With private equity firms raising ever larger funds and expanding their footprints into new geographies and lines of business, the need to expand the payroll has increased in tandem – both at senior and junior levels. In the preceding article by David Snow, it was acknowledged that one dilemma facing private equity firms is whether to add these new recruits to the carry pool while running the risk of upsetting current employees who are happy with the existing structure. Our survey found almost two-thirds of firms willing to accommodate newcomers into carry schemes.
Carried interest is one of the biggest weapons a private equity firm has in its armoury when it comes to both attracting and retaining the best talent. Therefore, it would appear to be a prudent course of action to provide as many employees as possible with access to the carry scheme. Our poll showed access to carry extending beyond partners and shareholders in the management team to include principals in 60 percent of cases. However, only in a fifth of cases were all team members, including admin staff, able to enjoy the fruits of carry.
Investors continue to pile capital into private equity on the back of the generally outstanding returns achieved in recent years. But are signs emerging that the good times might be under threat? When asked how good a year their firm's carry scheme enjoyed in 2006, a polarisation emerged: more than a quarter saw it as the best year ever; while almost half said it was not one of the best three years the firm has had carry-wise.
The increasing status attached to the finance function within private equity firms is indicated by the outcome in the first of these charts, which shows more than half of CFOs and COOs now earning at least $300,000 in compensation last year and more than a quarter earning in excess of $500,000. The second chart shows the annual compensation bill for finance and admin staff climbing over $1 million in almost a third of cases.
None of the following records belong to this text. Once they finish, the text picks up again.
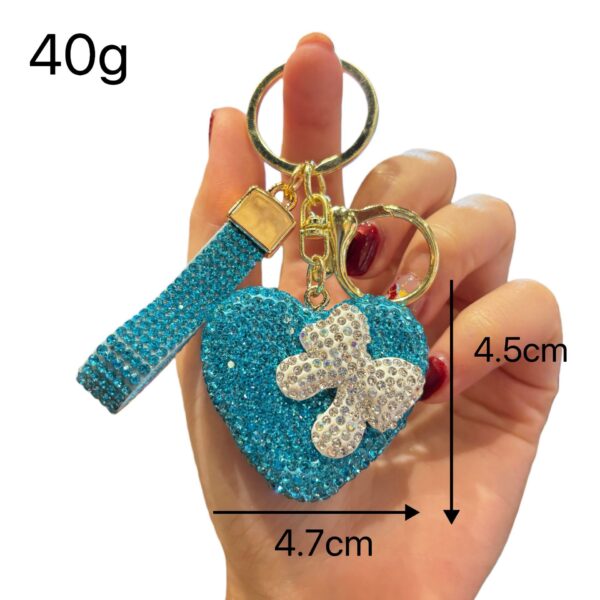 Wholesale Full rhinestone heart-studded bow keychain
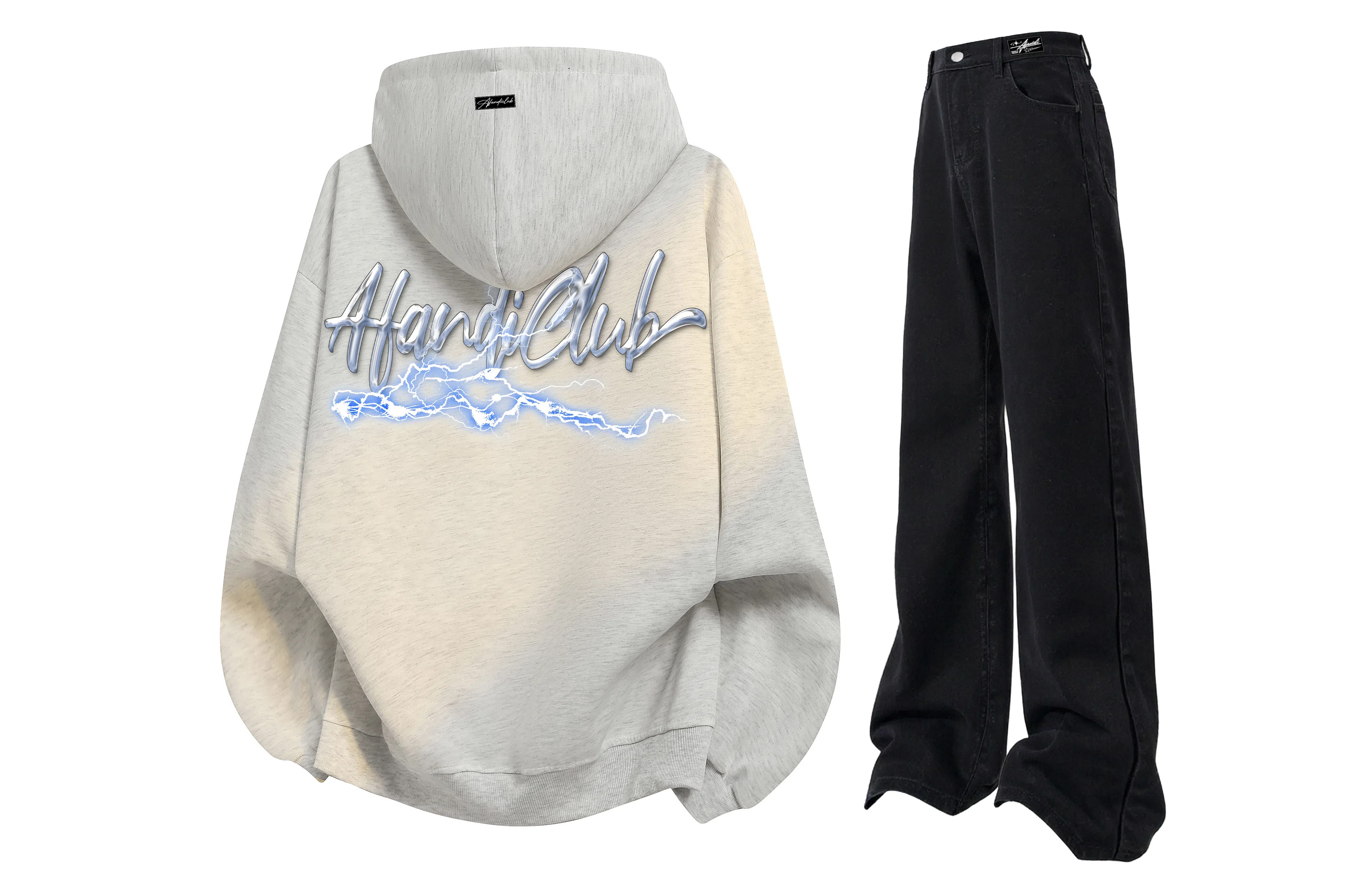 阿凡迪 美式复古街头个性创意设计幻影闪电涂鸦字母潮牌印花宽松舒适百搭时尚潮流通勤连帽长袖卫衣中腰直筒牛仔裤休闲运动套装 男女同款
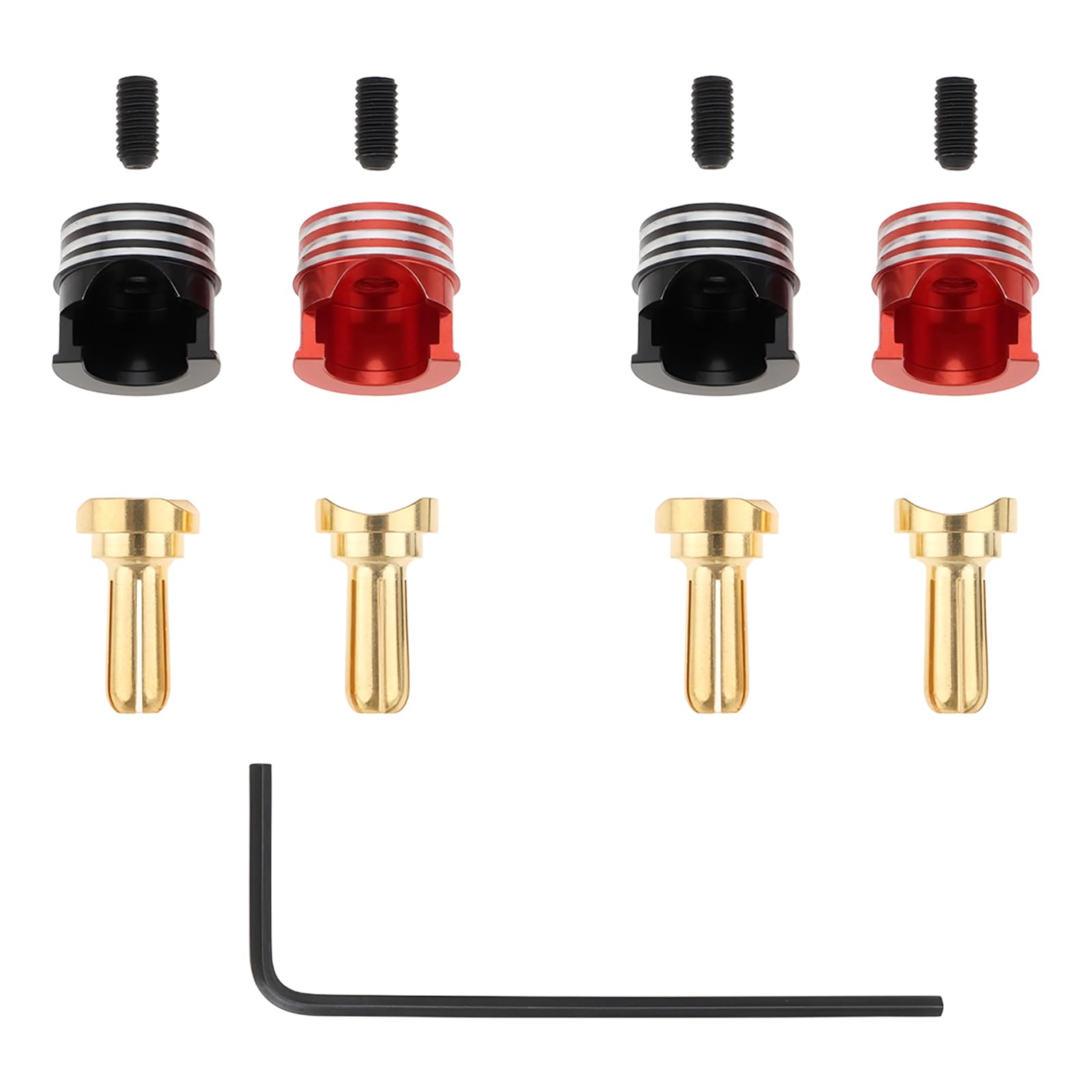 The Lord of the Tools 4Pcs 4.0mm Bullet Plug Connectors with Screws Suitable for 1/10 Off-Road Truck RC Car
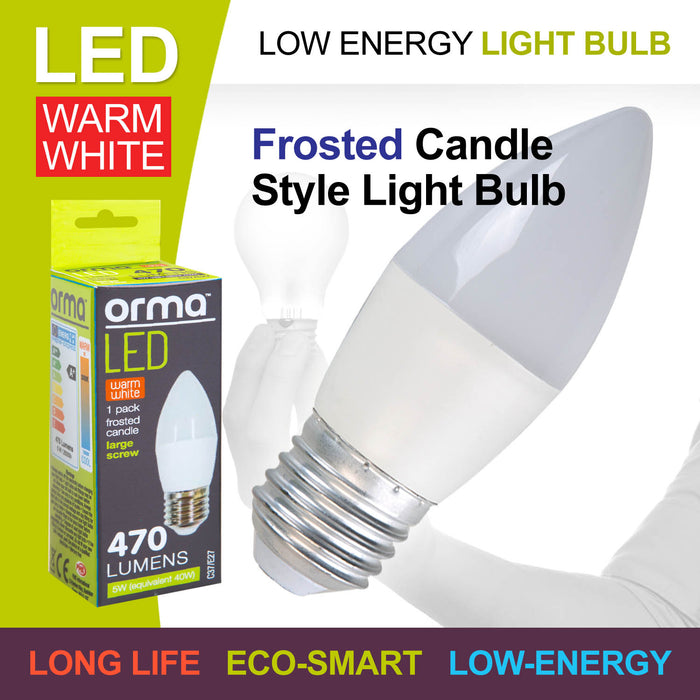 Warm White Candle 5W Screw Base Large LED Frosted E27 Light Bulb - Orma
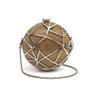 BOLSA CLUTCH ESFERA PEQUENA DE CRISTAIS COM OURO
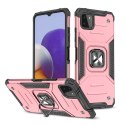 Wozinsky Ring Armor pancerne hybrydowe etui pokrowiec + magnetyczny uchwyt Samsung Galaxy A22 4G różowy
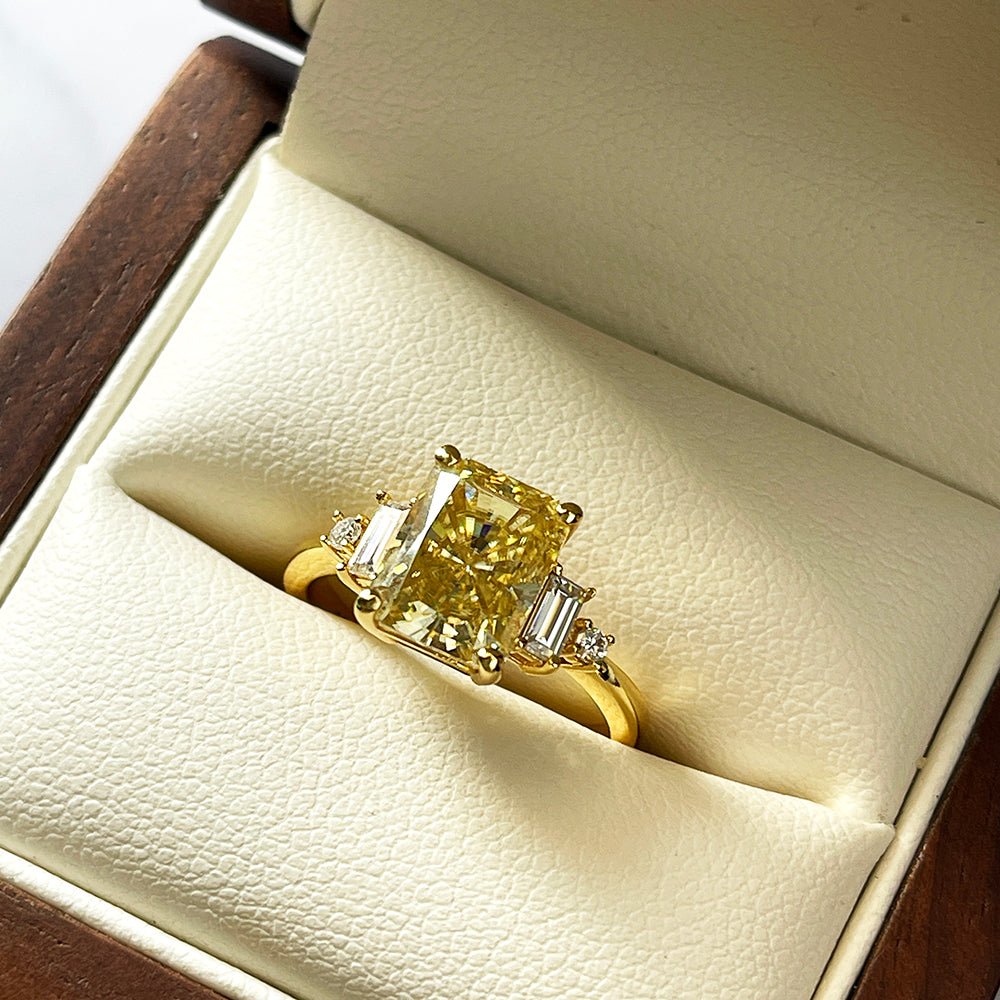 3 Carat Radiant Cut Moissanite Engagement Wedding Ring Set in 14K Gold - Elongé Nova - Lord of Gem Rings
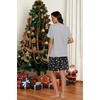 image:imagePrinStory Couples Pajamas Set Shirts and Shorts Summer Comfy Lounge FamilyBlack Star Moon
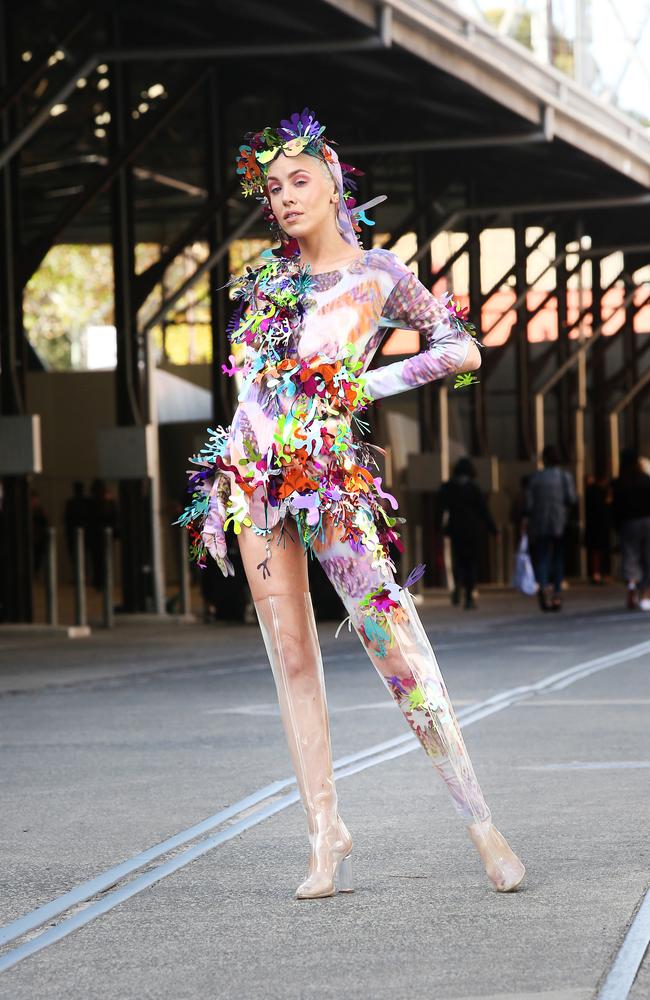 At the FDS: The Innovators resort in 2018 she wore an asymmetrical body suit with clear boots. Picture: Richard Dobson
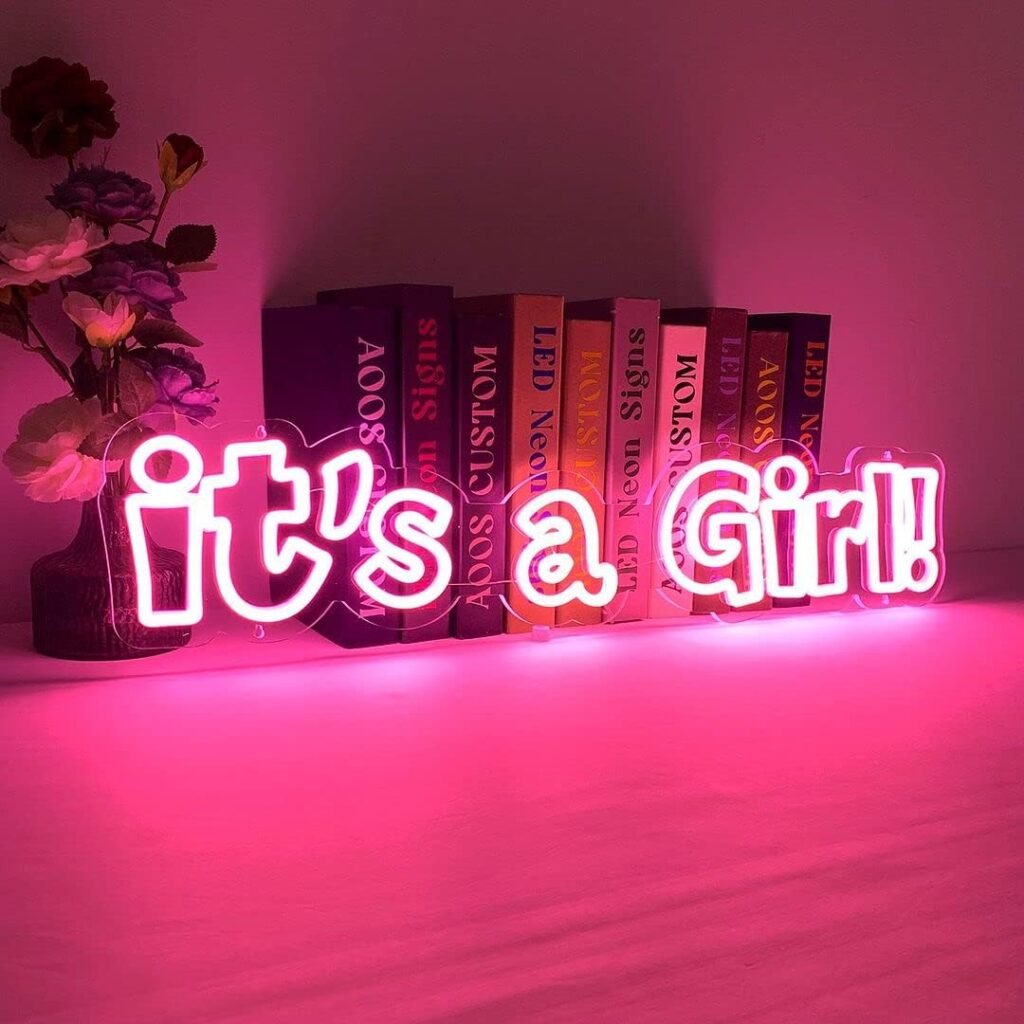 Its a Girl LED Neon Sign for Baby Shower Party, Eye-Catching Design with Energy Efficient Lighting, Easy to Install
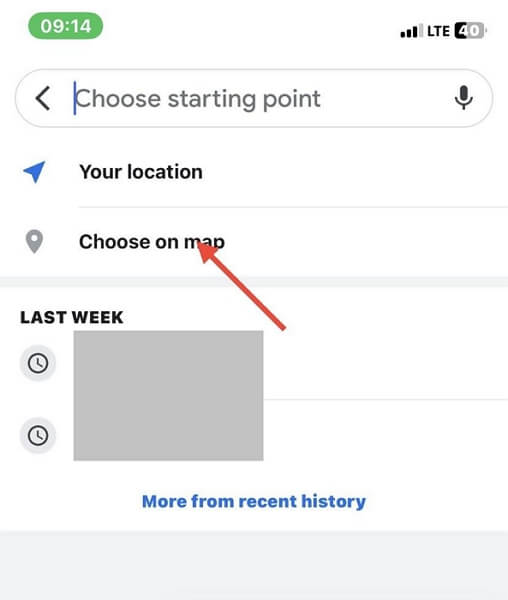 select Choose on map | Fastest Route Home from My Location
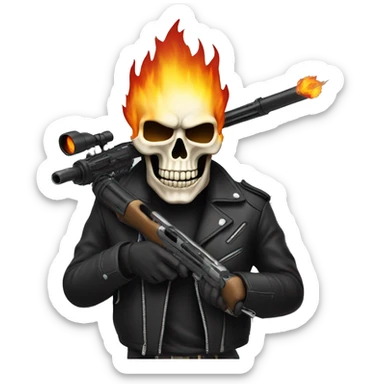 flaming skull  wearing leather jacket holding a sniper rifle sticker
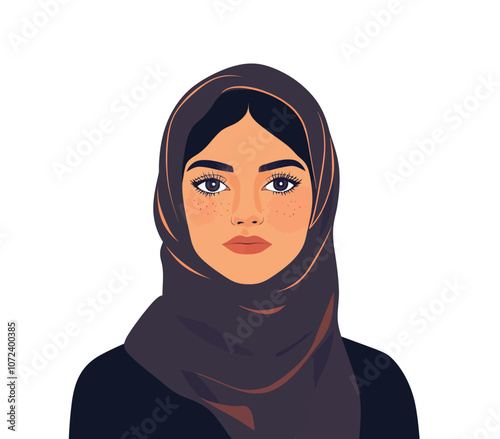 Woman wearing a black scarf. She has brown eyes and a brown nose. She is smiling. Flat vector illustration isolated.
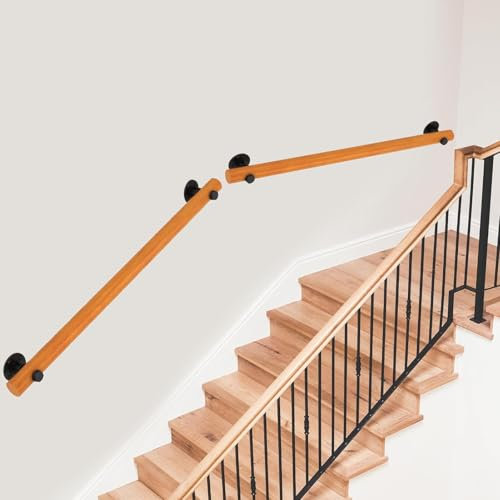 Pasamanos de madera para interiores para escaleras, barandilla redonda de madera maciza, pasamanos montados en la pared para escalones de 60 cm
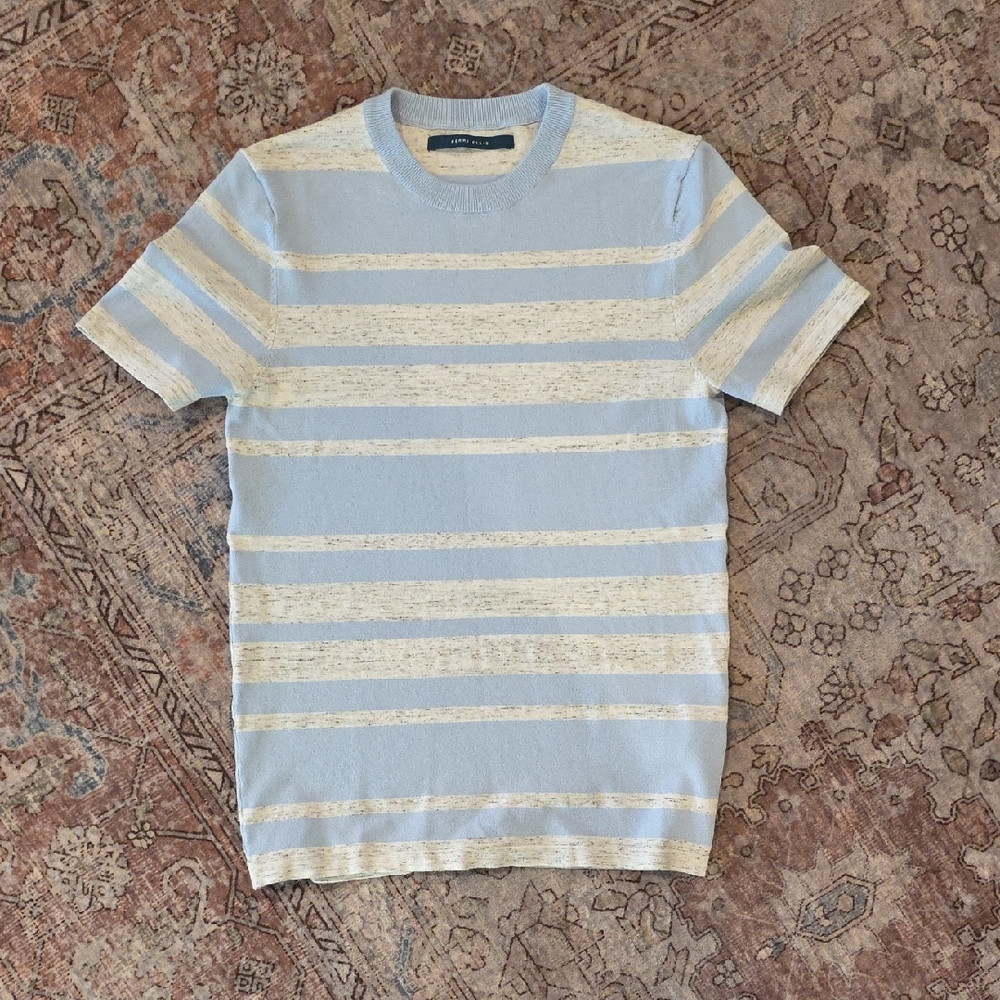 Perry Ellis Light Blue & Cream Striped Short-Sleeve Soft Knit Shirt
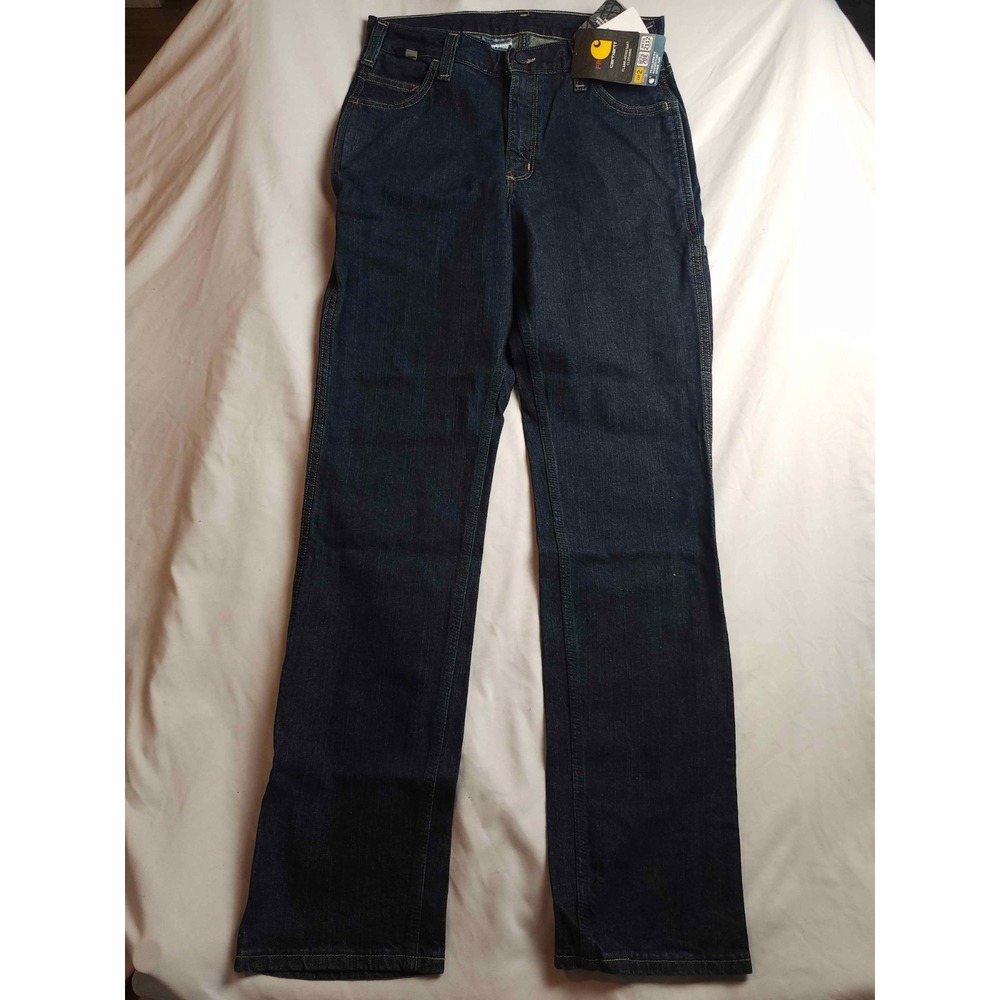 Carhartt Carpenter Pants Mens Size 31X34 Dark Blue Denim FR Flame Resistant Work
While compensation for CFOs and COOs is in the ascendant, less than a third of those canvassed said carry formed part of the package. Almost two-thirds said compensation came in the form of salary and bonuses only.
As the scale of private equity expands, so the importance of having a credible finance function has made its way up the agenda. Credible, but not necessarily sizeable: more than half of those surveyed said the finance team at their GP had only two to five members.
Respondents to the survey comprised representatives of buyout firms (26 percent); venture capital (22 percent); funds of funds (13 percent); diversified (10 percent); growth equity (6 percent); mezzanine/debt (1 percent); and other (22 percent).